YOUR TASK
In the records below, repeat exactly the lines between the line holding "Mercedes-Benz E W211" and the line holding "Purepet Wet Cat", inclusive, and drop the pictures.

EXERCISE DATA
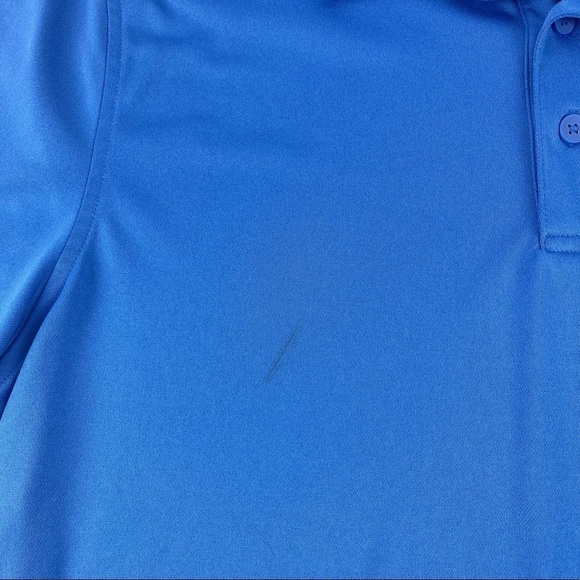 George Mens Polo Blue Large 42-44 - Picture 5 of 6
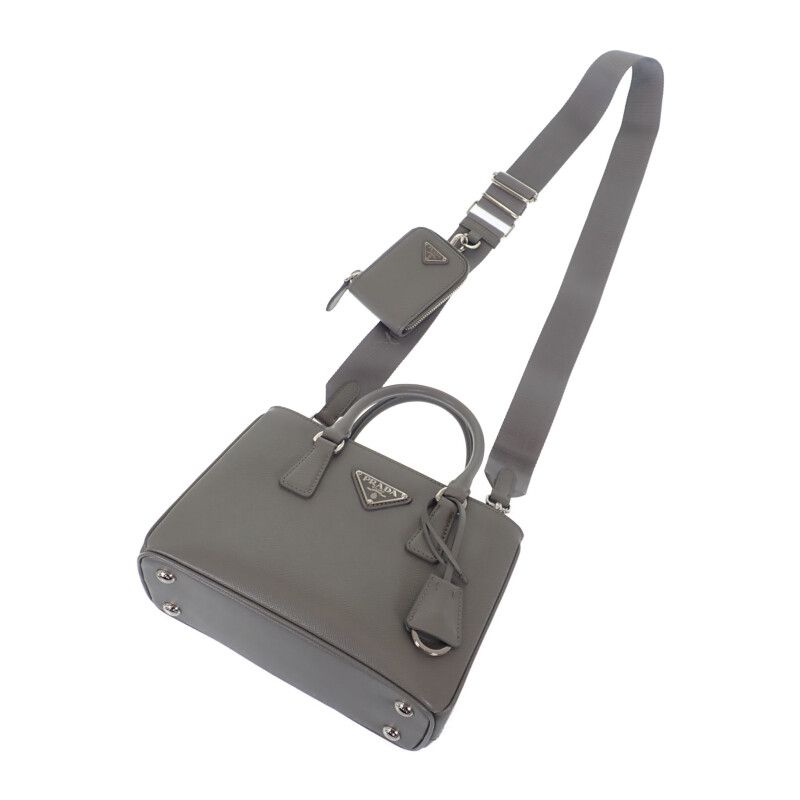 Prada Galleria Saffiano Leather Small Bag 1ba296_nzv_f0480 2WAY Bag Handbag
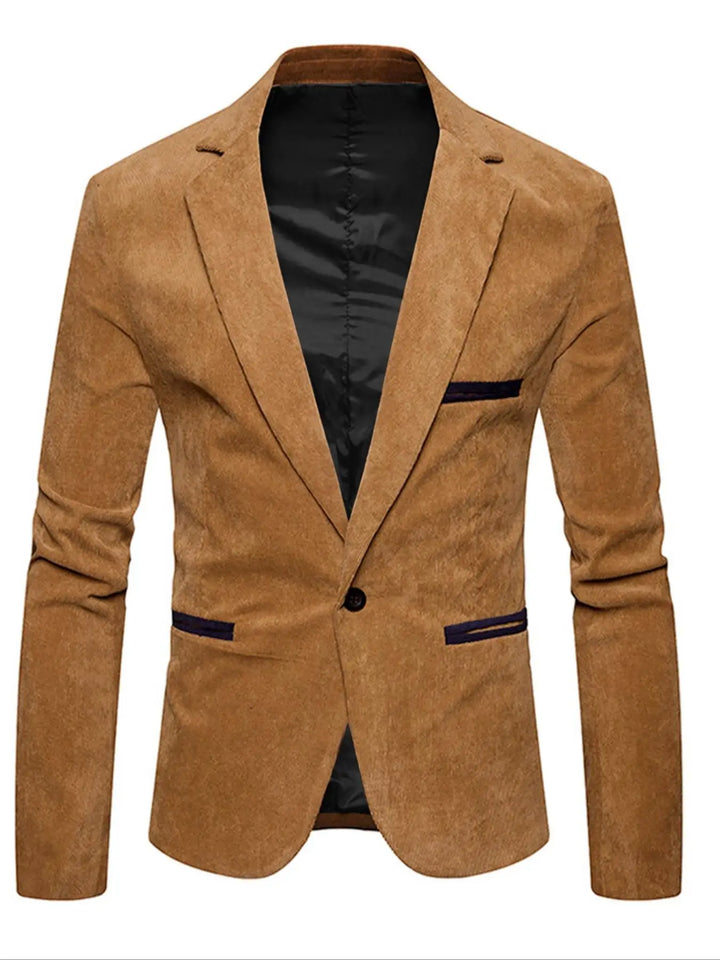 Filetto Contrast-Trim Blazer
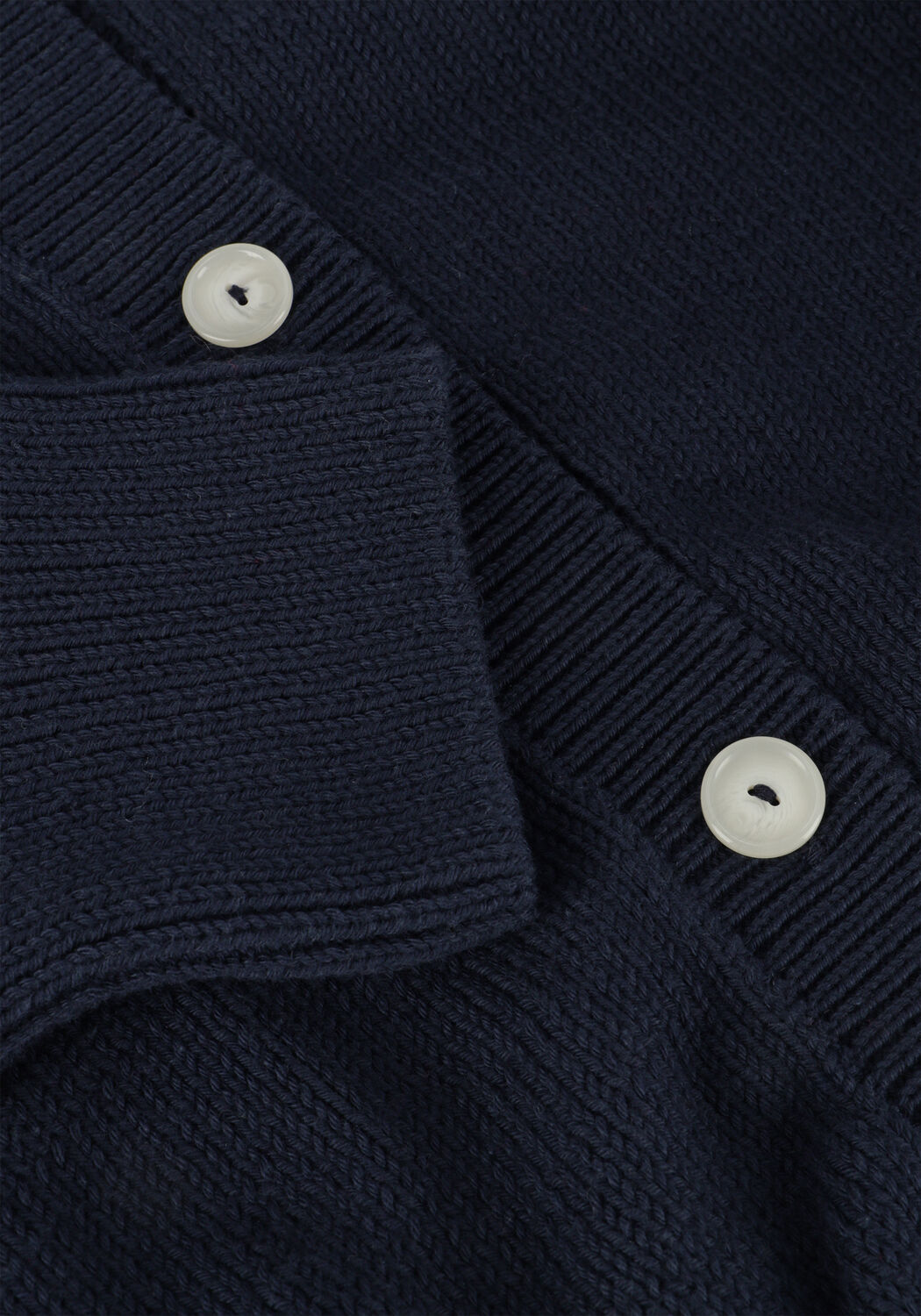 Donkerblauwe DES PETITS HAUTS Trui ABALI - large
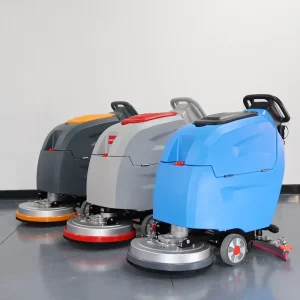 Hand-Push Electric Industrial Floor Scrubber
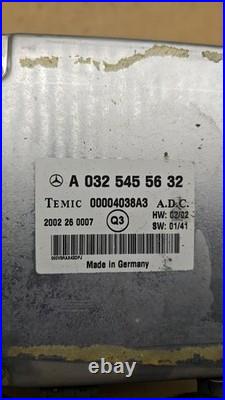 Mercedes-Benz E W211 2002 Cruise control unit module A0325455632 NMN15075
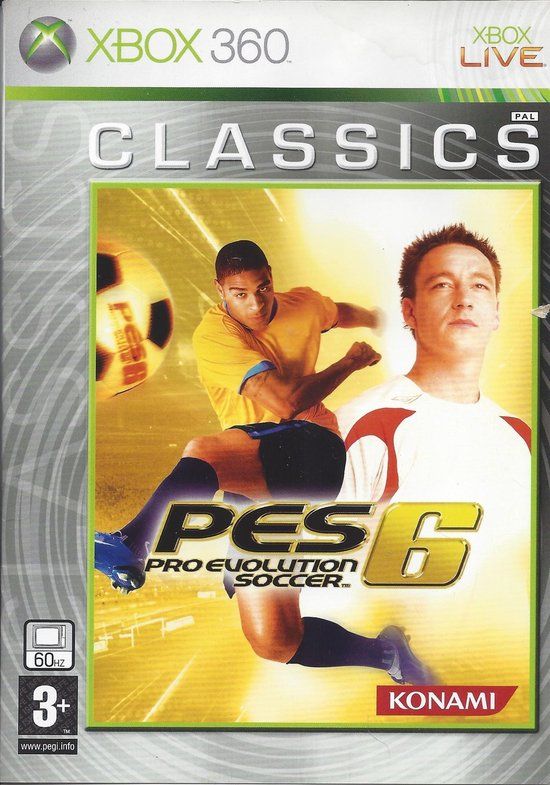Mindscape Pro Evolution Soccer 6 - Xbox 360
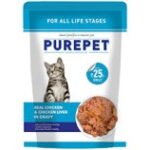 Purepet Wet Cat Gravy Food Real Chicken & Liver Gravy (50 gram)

--

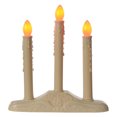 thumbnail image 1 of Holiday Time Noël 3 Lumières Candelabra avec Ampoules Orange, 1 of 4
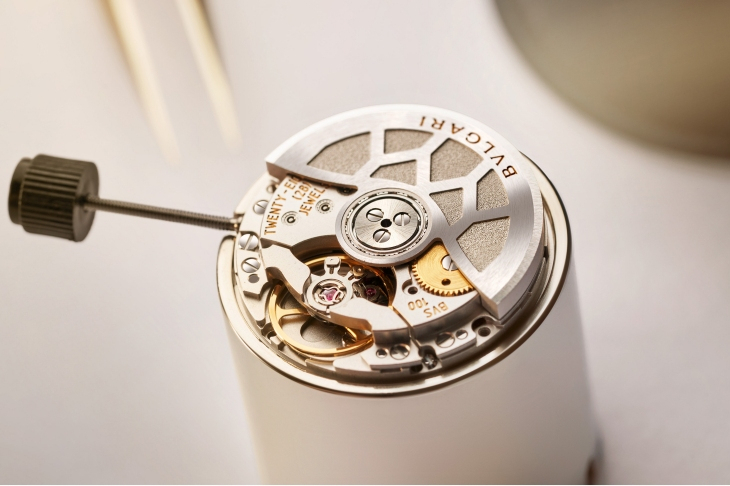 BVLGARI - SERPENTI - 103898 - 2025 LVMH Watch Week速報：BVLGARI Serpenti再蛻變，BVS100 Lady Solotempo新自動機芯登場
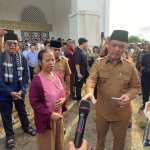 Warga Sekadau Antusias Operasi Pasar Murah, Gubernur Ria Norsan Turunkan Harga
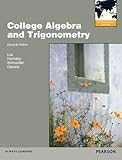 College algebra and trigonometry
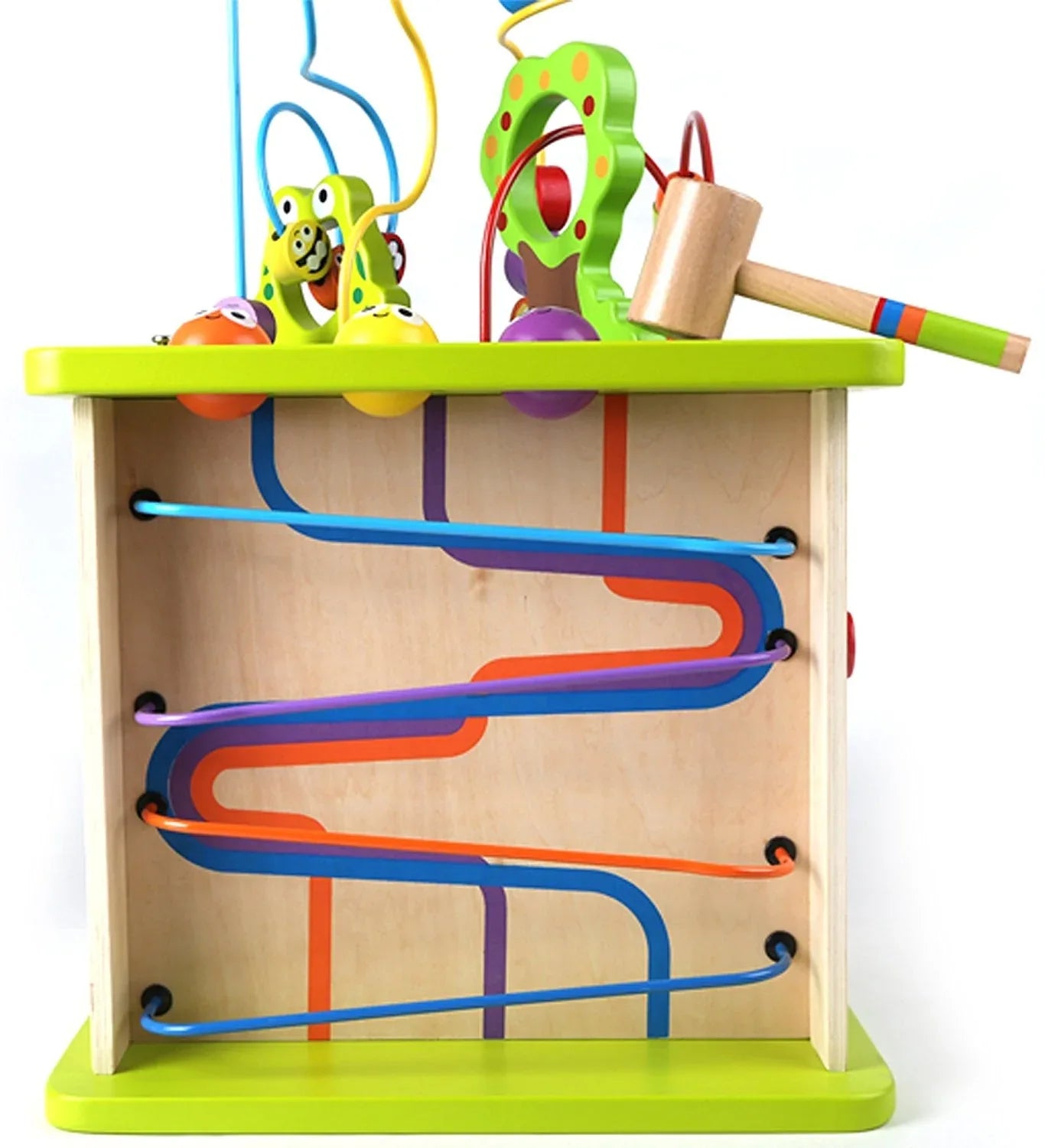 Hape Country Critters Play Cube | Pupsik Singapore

==

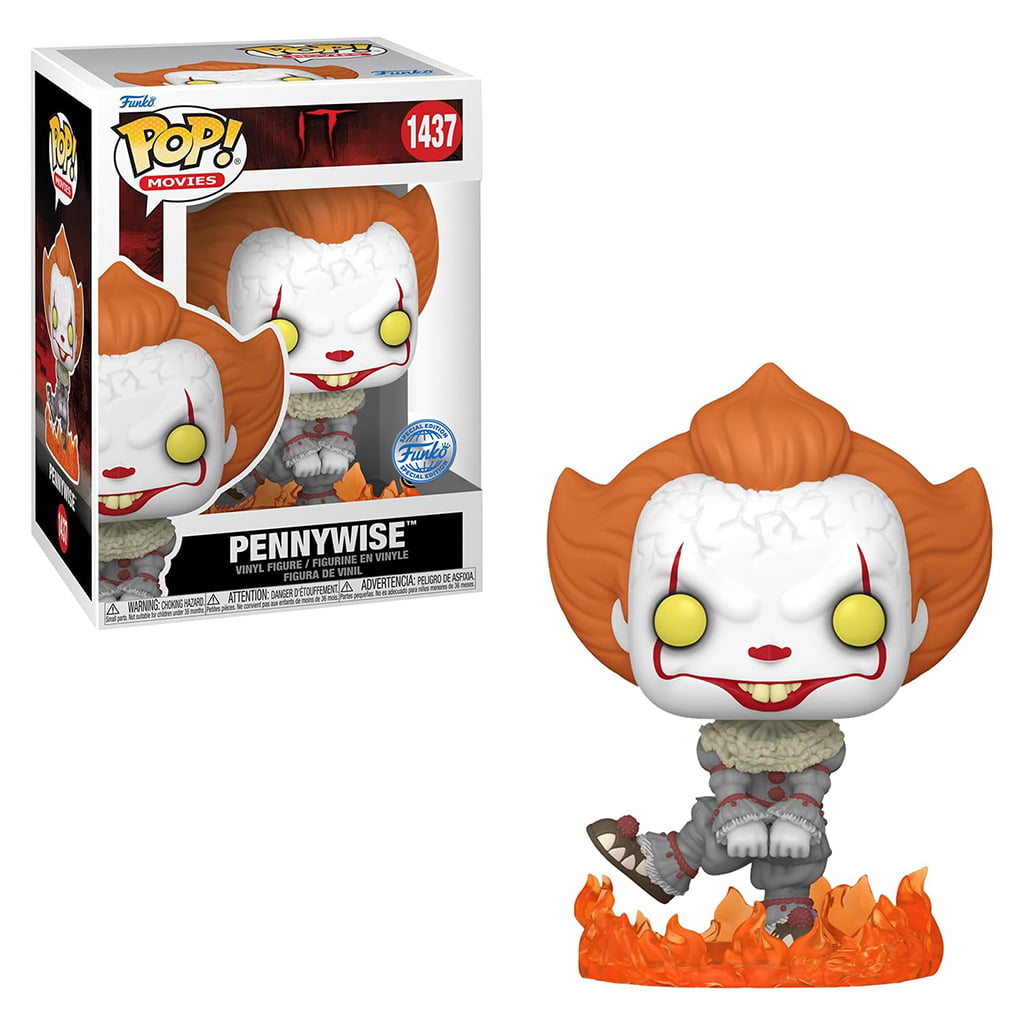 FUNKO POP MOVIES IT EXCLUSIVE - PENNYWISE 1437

RESULT
 Mercedes-Benz E W211 2002 Cruise control unit module A0325455632 NMN15075
Mindscape Pro Evolution Soccer 6 - Xbox 360
 Purepet Wet Cat Gravy Food Real Chicken & Liver Gravy (50 gram)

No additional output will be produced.